After nearly a century of being ritually smashed, set on fire, and wielded as a phallus, the electric guitar has lost some of its subtle mystery. The notes had seemingly all been played. Yet, on a certain high-school evening, some Thurston Moore­–loving, prog-rock-leaning friends introduced me—a child reared on guitar heroes of all varieties and learned in the various show-off techniques of butt rock and bebop—to Glenn Branca's guitar symphonies, and the mystery was forcefully, harshly restored.

Somewhere between the scathing din of Wolf Eyes and textural composers like Ligeti is Glenn Branca. His guitar symphonies stand as some the most evocative expressions of organized chaos in any art form, and, in most cases, they sound nothing like guitars.

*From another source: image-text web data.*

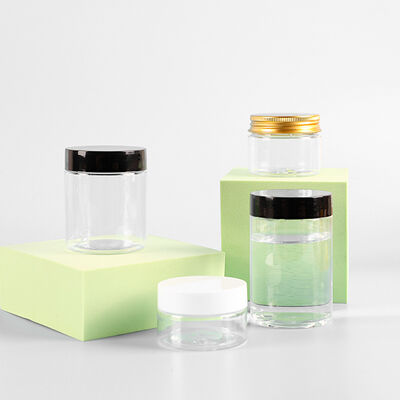 Behälter aus Plastikglas, einschließlich individueller Druckarbeiten, geeignet für die Verpackung von Einzelhandelswaren und für die Markenbildung von Produkten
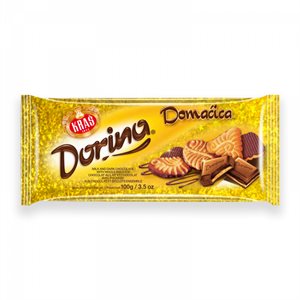 Dorina Chocolate with Domacica Biscuits 100g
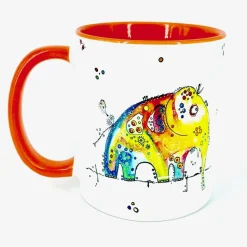 Tasse mit Elefant Gertrude, Funny-Art, Geschenk für Elefanten-Liebhaber und Wildschützer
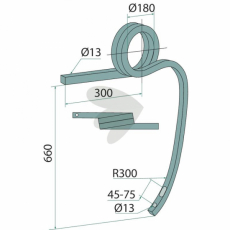 Cultivator Shaft Left, Twisted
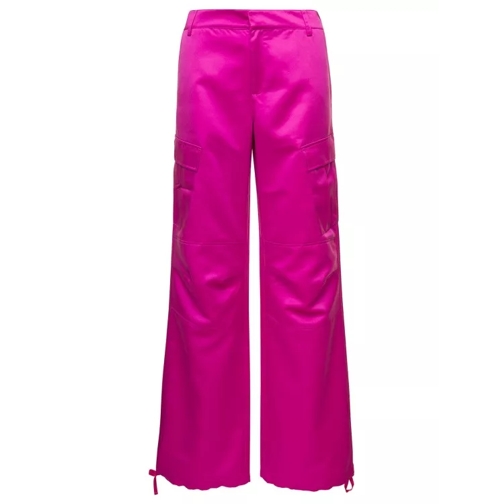 Andamane Pink High Waisted Cargo Pants Straight Leg With Ca Pink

As a part of New York's no-wave sound, he redefined the instrument's scope for all the '90s noise rockers to reap (Sonic Youth, for one, was birthed from Branca's experimental loins).

So, when the Experience Music Project posted a call for musicians to perform Hallucination City: Symphony 13 for 100 Guitars in Seattle, I offered my services as a music- reading guitar player. Branca's wife and right-hand concertmistress, Regina Bloor, e-mailed me the sheet music for Hallucination City, a 70-minute monster that premiered back in 2001 at the base of the World Trade Center. Bloor also sent a comprehensive list of notes describing how I'd be modifying the way I play, tune, string the guitar, and read notation. In order for his music to work, Branca wants performers to unlearn their hot licks, their tasty riffs, their Black Sabbath bar chords, and relearn that mystery of strings plus wood plus electricity.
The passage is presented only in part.